How Scott Paper’s Stephen Blythe is cleaning up in paper towels

When Stephen Blythe joined Scott Paper back in 1995, he finally had the opportunity to practise what he had been preaching for years. Blythe moved out to Atlantic Canada to join Scott as key customer manager, after a career in category management at Markham, Ont.-based ACNielsen.

When Stephen Blythe joined Scott Paper back in 1995, he finally had the opportunity to practise what he had been preaching for years. Blythe moved out to Atlantic Canada to join Scott as key customer manager, after a career in category management at Markham, Ont.-based ACNielsen.

‘It was a wonderful opportunity to take all those Nielsen methodologies and put them into practice,’ he recalls, adding that the methodologies entail ‘looking at categories as individual or unique business units [in order] to bring win-win situations to both the retailer and Scott.’

Indeed, this training benefited Scott Paper, which quickly grew its business to record levels in the east.

Adds Blythe: ‘We stayed disciplined through the methodology and it paid back in huge dividends. So much so that the organization decided to move me up to the corporate office in 1998 to take on a new role, as national customer resource manager. It involved taking all those category management methodologies and putting them into practice in our key accounts all across the country.’

The move to Scott’s Mississauga, Ont.-based head office was a sort of homecoming for the London, Ont. native, but he still misses the East Coast. ‘It’s a wonderful place to live and have a career. There’s a nice balance between those two parts of your life.’

Although Blythe continues to strive for that same balance in work-crazed Ontario, he still managed to find time to chat with Strategy about the advantages of being employed by a Canadian company, the value of getting Canadians to think of paper towels in new ways, and the dangers of product innovation.

Considering you’re marketing paper towels, your ads have been innovative and creative.
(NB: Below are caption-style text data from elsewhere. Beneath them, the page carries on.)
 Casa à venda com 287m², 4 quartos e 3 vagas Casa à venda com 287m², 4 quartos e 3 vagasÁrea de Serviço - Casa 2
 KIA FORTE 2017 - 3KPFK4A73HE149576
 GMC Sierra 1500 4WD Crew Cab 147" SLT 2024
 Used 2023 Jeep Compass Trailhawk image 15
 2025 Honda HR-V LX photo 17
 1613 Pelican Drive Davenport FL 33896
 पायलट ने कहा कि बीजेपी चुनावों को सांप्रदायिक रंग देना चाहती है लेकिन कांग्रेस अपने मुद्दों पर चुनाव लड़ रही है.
How have you been able to do that at a large packaged goods company?

The first thing is, hey, we’re a Canadian company. The decisions on the category for the most part happened at my desk. I’ve been empowered by our leadership team and VP of marketing [Nancy Marcus] to really push the envelope and make Scott Towels a contemporary, confident brand in the Canadian marketplace.

The campaigns from John St. [in Toronto] and Palm Publicité in Quebec have been very successful. If you look at the recall on our advertising, we’re searing that message of ‘getting you out of big messes’ in the Canadian consumer’s mind. The brand is clearly in growth.
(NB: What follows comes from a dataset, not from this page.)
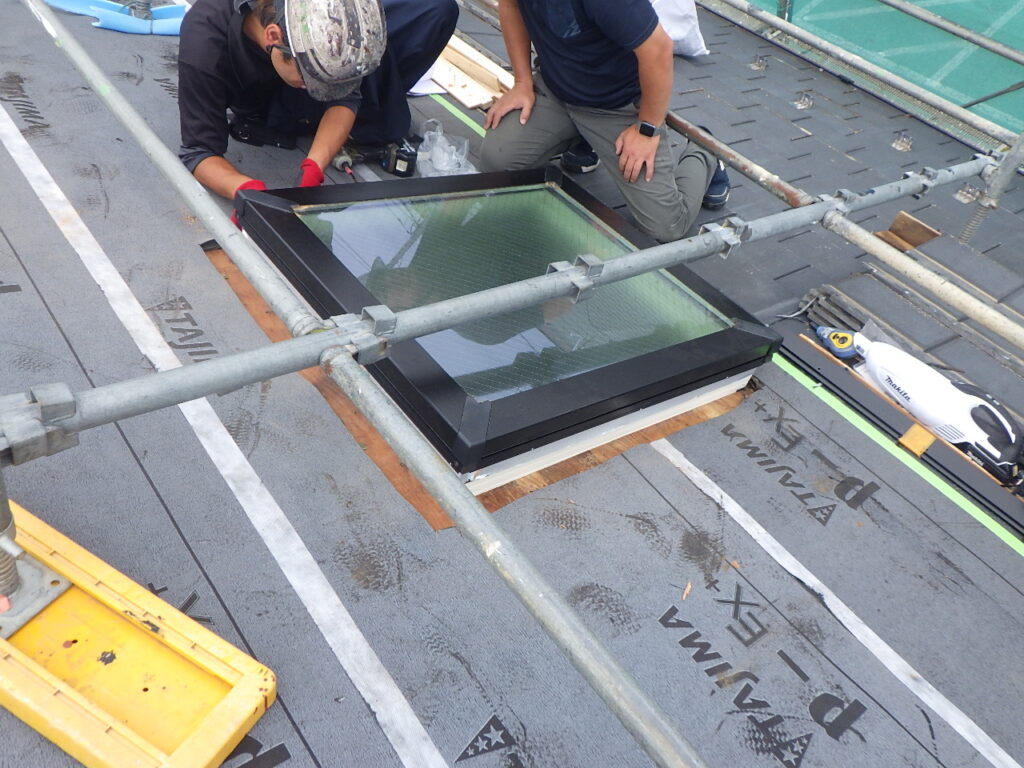 天窓の仮置き中です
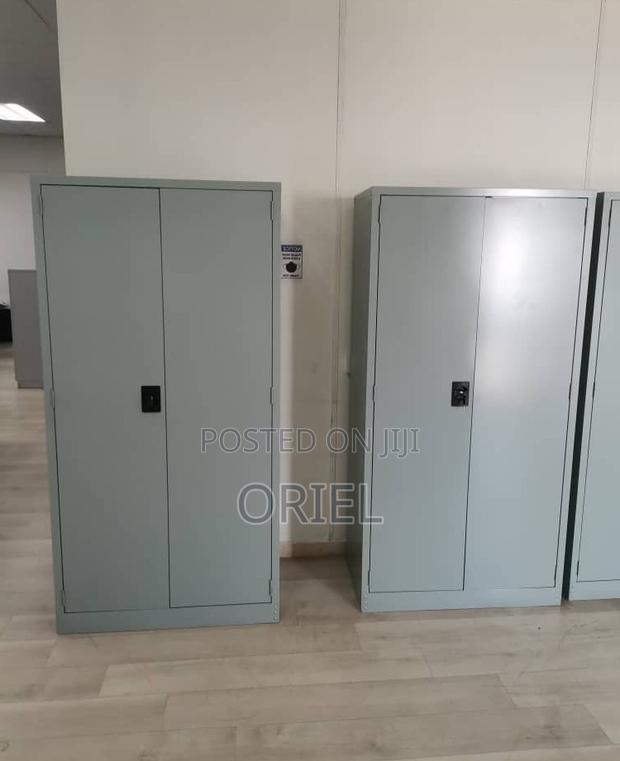 Office Cabinet : Steel 2-Door Office Storage Cabinet - thumbnail 8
[According to John St.'s entry for Strategy's 2003 Agency of the Year, the 'Big Messes' campaign resulted in a 15% growth in volume.]

What’s the key to marketing a product in a mature market?

I don’t necessarily see paper towels as a mature market. If you compare it to other household goods, from a household penetration perspective, it’s somewhat underdeveloped. It’s at about 84%, so there are wonderful opportunities to get consumers to think about using the product in alternative ways.

When you look at our print campaign, with the dog, the paint can and the hot dog, that’s very much what we’ve been trying to do. And if we can do that, it will grow the category and grow our overall volume.

We also just launched a new Web site, Bigmess.ca, and what we’re trying to do is leverage our campaign and make it ubiquitous. On the site, we ask consumers how they use the product. It’s trying to create that emotional link with them.

How important is product innovation to your category?

Clearly it’s very much a part of this particular category. It’s something that we are constantly looking at – what is the newest, greatest, and breakthrough idea? We haven’t launched what I would consider a revolutionary new product recently, but we have ideas that we are looking to launch in the foreseeable future. We haven’t rushed to market, because we’re doing our homework.

As we all know, many products are launched and many fail. We try to stay somewhat disciplined. I think it goes back to talking to and listening to the consumer, and getting insights from them, which can help you lead your product development or your new technologies.

What’s your favourite pastime outside of work?

Golf. And, you know, I have a young family, with three children. Eoin (pronounced Owen) is six, Emma is four and Colin is a one-year-old. I’m very much involved in their activities. I’m a soccer coach, and I’m trying to be that super dad. It’s a huge balance.